Nous poursuivons notre route en direction du nord-est et faisons halte à la Bay o’ fires. Que dire ? Les superlatifs manqueraient presque. Il s’agit d’une baie longue de plus de 35 km d’où jaillissent des rocs de granit recouverts de mousse orange. Le contraste avec les nuages gris et le bleu de la mer est saisissant. Nous y passerons deux nuits en compagnie d’autres nomades venus se perdre depuis près d’un mois dans ce campement, à quelques mètres seulement d’une des plages les plus exceptionnelles au monde.

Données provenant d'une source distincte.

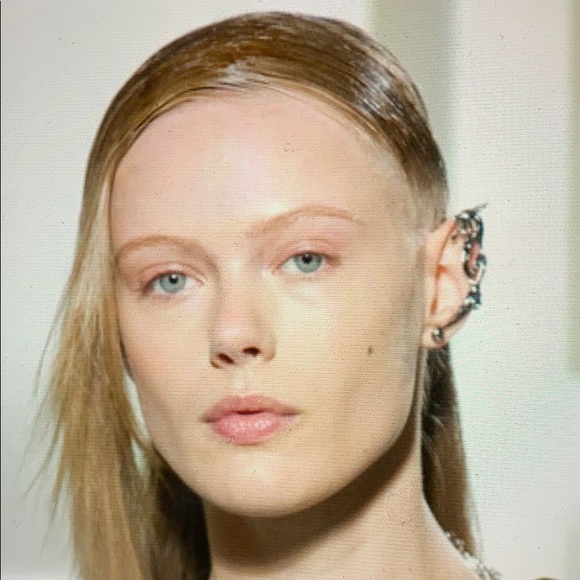 Rodarte Runway Dragon Ear Cuff - Picture 6 of 6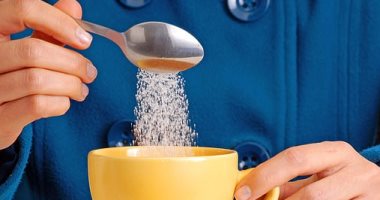 دراسة تؤكد: منع إضافة السكر لكوب الشاي يوميا يساعدك للتخلص منه نهائيا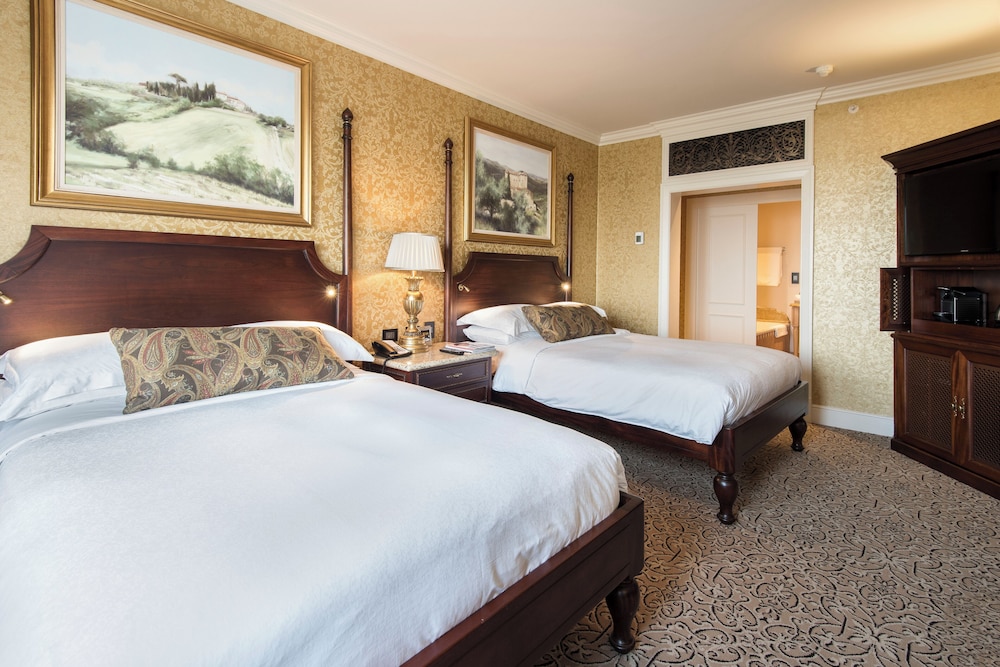 Palazzo Hotel At Montecasino 24/69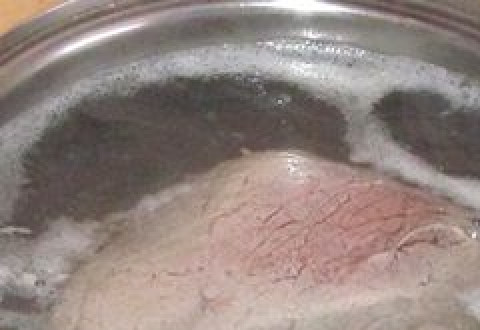 1. Этап. Телятина вареная: Вскипятите воду (бульон) и опустите в него телятину.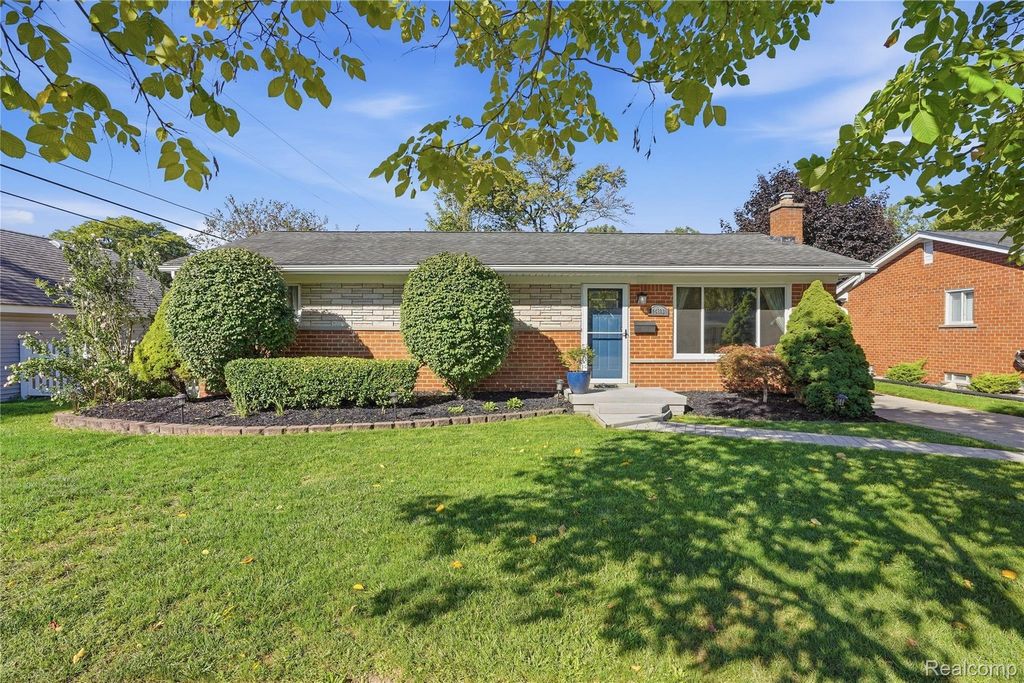 14833 Fairfield Street, Livonia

Fini Melbourne, finie la ville. Ici c’est bel et bien la nature, la quiétude et l’insouciance qui résonnent… hédonisme, épicurisme, peu importe, on y est bien.

En route pour le fameux « Overland track »

Quand j’ai rencontré les garçons, ils m’ont fait part de leur plan : faire l’Overland track, une randonnée classée parmi les 10 plus belles au monde. Au premier abord je les ai pris pour des dingues : parcourir 63 km à pied… cela me paraissait insurmontable. Même si depuis, j’ai terminé de nombreux trecks de plusieurs jours, seule ou accompagnée, j’avoue qu’à cet instant précis, je n’étais pas rassurée car pour la première fois de ma vie, j’allais emprunter des chemins montagneux pendant près d’une semaine en autosuffisance… Un véritable challenge.

Au-delà des frais de préparations (achats de gants, bonnet, matelas, etc.) et des courses, il nous a fallu nous acquitter de 180AUD chacun pour faire cette marche. L’Overland track est la seule randonnée payante en Tasmanie. Néanmoins, cette contribution permet aux rangers d’entretenir les sentiers et les refuges. Ce parcours traverse des espaces protégés où vivent de nombreuses espèces en voie de disparition, comme le diable de Tasmanie. Cette initiative permet également de réguler l’affluence des marcheurs puisque seulement une vingtaine d’entre eux, par jour, sont autorisés à entamer la randonnée. Il est d’ailleurs préférable de réserver sa place en avance.
Le 12 mars, à 14 h, nous commençons notre marche sous l’œil curieux d’un couple de Wombat.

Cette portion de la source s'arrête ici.